Fram, those compromises are what I'm asking for us to discuss. I'm glad you're bringing them up, that's a conversation that we can have. I'm going to be talking to the Wikidata team next week about the progress on building the patrolling and moderation tools. We don't have direct control over what the Wikidata team chooses to do, but I want to talk with them about how the continued lack of a way to effectively monitor the short descriptions is affecting this conversation, this community, and the feature as a whole. English Wikipedia editors need to have the tools to effectively populate and monitor the descriptions, and you need to have that on a timeline that makes sense. I need to talk to more people, and keep working on how to make that happen. I'm going to talk with people internally about the transitional period that you're suggesting. -- DannyH (WMF) (talk) 16:04, 12 December 2017 (UTC)

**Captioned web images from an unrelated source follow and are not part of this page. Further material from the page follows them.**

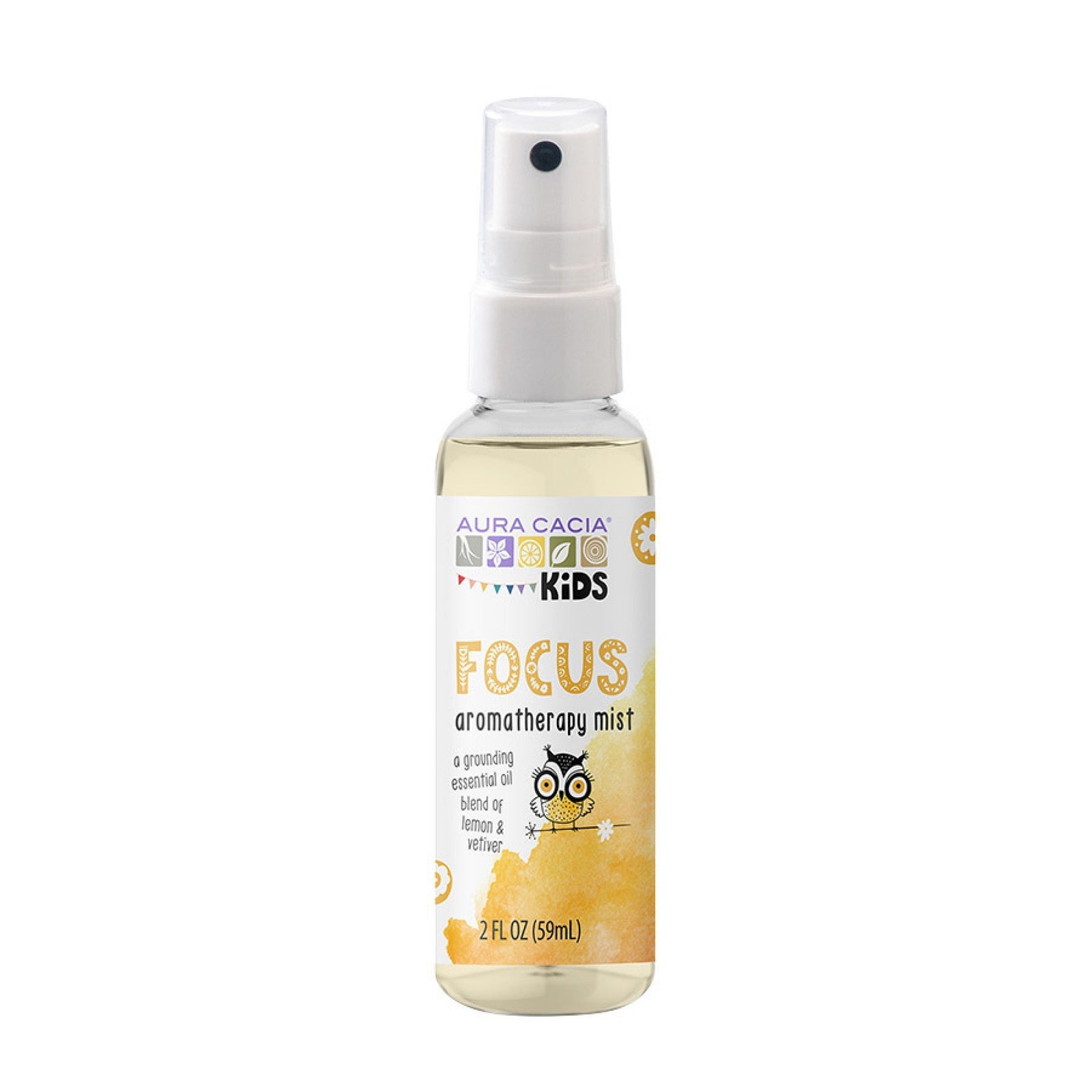 Aura Cacia Kids Aromatherapy Mist Focus 2 fl oz Spray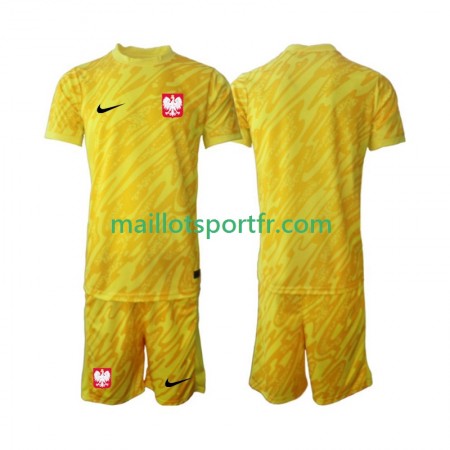 Maillot de Foot Pologne Gardien Enfant Domicile 2024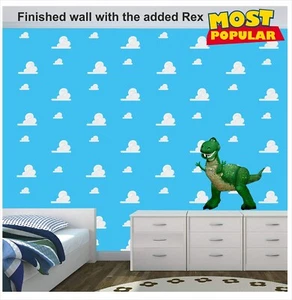 Clouds from Toy Story Themed Bedroom Wall Vinyl Sticker Decals -98 - Picture 1 of 6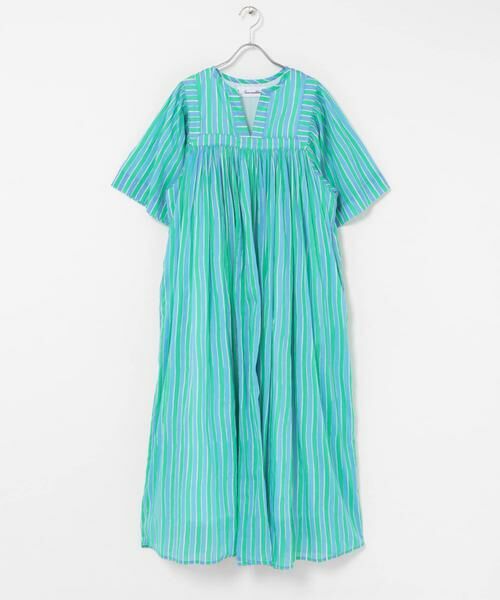 Sonny Label / サニーレーベル ワンピース | sara mallika　ウェーブストライププリントドレス | 詳細1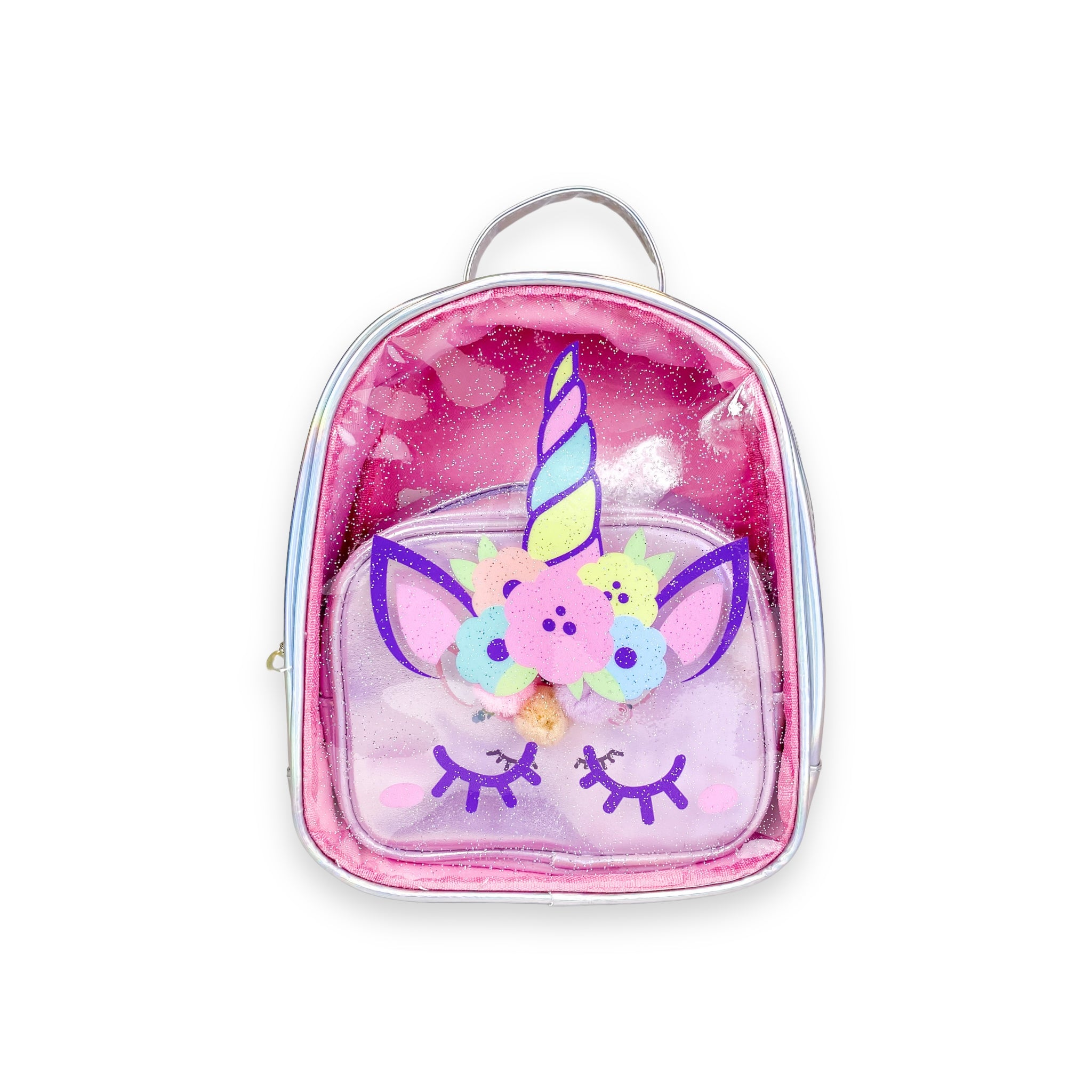 Unicorn Purse & Backpack set Silver/Purple - doe a dear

I think the major concern is the lack of control over enwp content. There are currently only two outside sources of enwp content over which the local community has no control: Commons and Wikidata; it has taken some years for Commons to build a level of trust over their content policies and failsafes to prevent abuse at enwp through Commons. The only reason today that the use of Commons materials here is two-fold 1) they've proven they can handle their business, and 2) there exists local over-rides that are transparent and easy to enact. For Wikidata to be useful and to avoid the kind of acrimony we are seeing here, we would need the SAME thing from Wikidata. Point 1) can only occur over time, and Wikidata is far too new to be proven in that direction. Recent gaffes in allowing vandalism off-site at Wikidata to perpetuate at enwp does not help either. If the enwp community is going to feel good about allowing Wikidata to be useful going forward, until that trust reaches what Commons has achieved, we need point 2 more than anything. Defaulting to local control over off-site control is necessary, and any top-down policy that removes local control, either directly or as a fait accompli by subtling controlling the technology, is unlikely to be workable. If Wikidata can prove their ability to take care of their own business reliably over many years, the local community would feel better about handing some of that local control over to them, as works with Commons now. But that cannot happen today, and it cannot happen if local overrides are not simple, robust, and the default. --Jayron32 17:32, 12 December 2017 (UTC)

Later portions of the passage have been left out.